We'll go over a lot of commonly used commands and we'll start with exigrep since it's (my) most used and I think most useful exim specific command. Similar to grep but for exim.
exigrep - this is defined in its man page as follows:
Find a specific message by message ID (MID)
exigrep <messageID> /var/log/exim_mainlog
(If you're not sure how to get the Message ID I'll show you how to do that later on)
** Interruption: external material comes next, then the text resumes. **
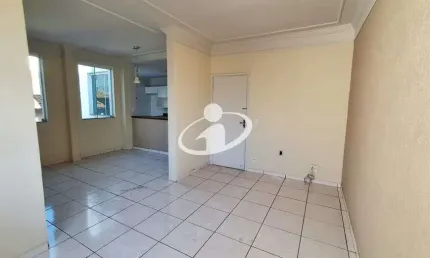 Apartamento com 3 quartos para alugar no Maracanã, Uberlândia  por R$ 1.700
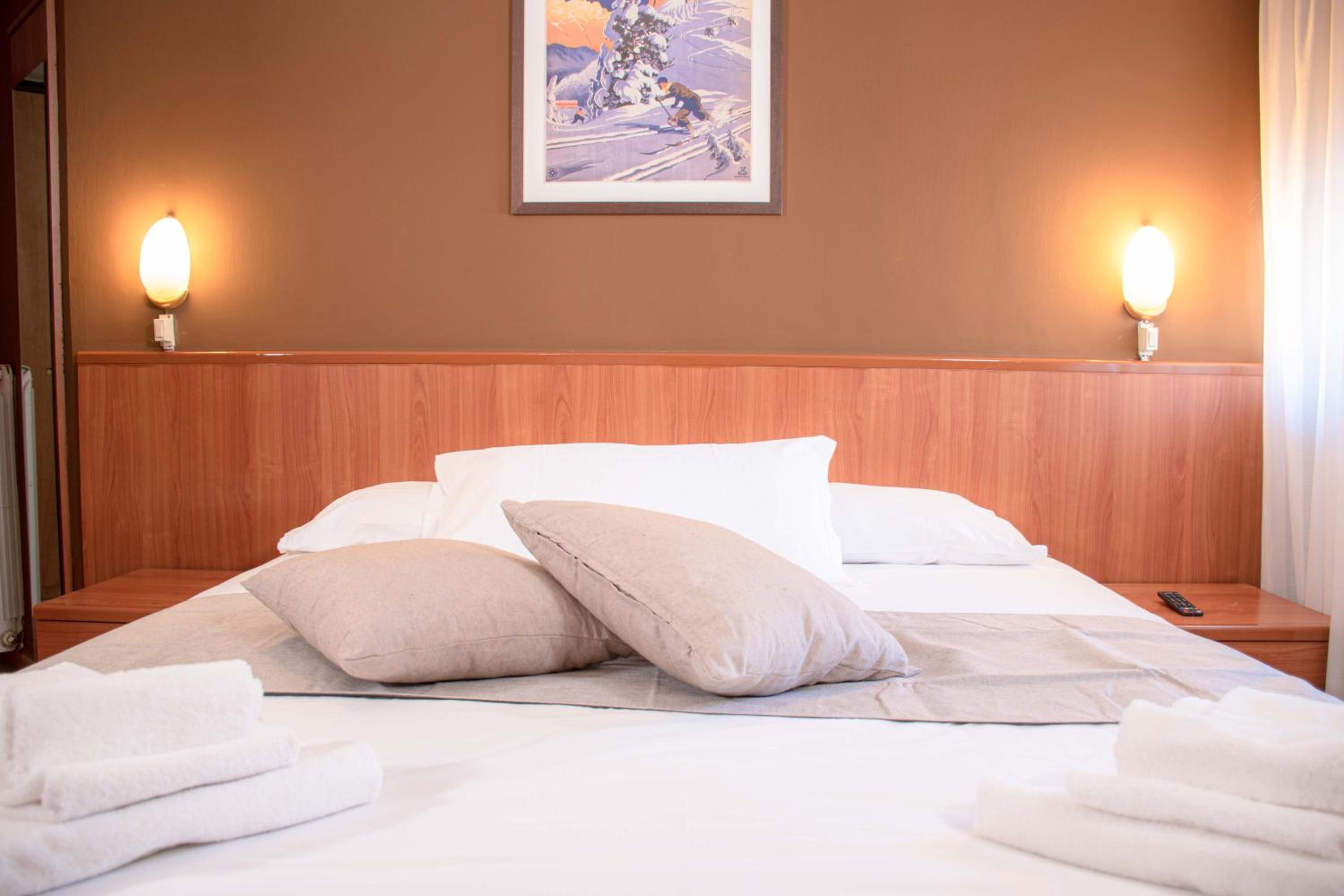 Double or Twin Room - Photo 3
You can also use exigrep to search for a user or domain:
exigrep firstname.lastname@example.org /var/log/exim_mainlog
You get a little more advanced with this and look for just outgoing mail for one specific user:
exigrep "<= .*email@example.com" /var/log/exim_mainlog
- Keep in mind exigrep gives you the log data for the message ID and related log entries, not just the exact matches as you'd get with using grep.
exiqgrep - Similar to exigrep exiqgrep is another search function defined here as follows:
If I want to search the entire exim queue (not log but the queue meaning messages waiting in queue) for messages that originated from the firstname.lastname@example.org user I'd use the -f flag
exiqgrep -f email@example.com
If I wanted to search for messages that have the recipient of firstname.lastname@example.org I would use the -r flag:
exiqgrep -r email@example.com
This could be useful if you're for whatever reason unable to use the Mail Queue Manager and looking for a potential spammer, you might want to know how many messages you have in queue right now that firstname.lastname@example.org has sent. To do that you'd run something like this:
exiqgrep -f email@example.com| wc -l
You might find after running that, firstname.lastname@example.org has 1000000000 messages in the queue. Yea maybe that's too many, but lets say you're wanting to remove those. You could then run something like:
exiqgrep -i -f email@example.com |xargs exim -Mrm
The -i flag is to just list message ID's the -f flag is to only look at messages firstname.lastname@example.org sent. This command builds the list then pipes it to exim -Mrm which deletes the messages
exiwhat - What the heck is exim even doing right now? (not the formal definition but it does the trick)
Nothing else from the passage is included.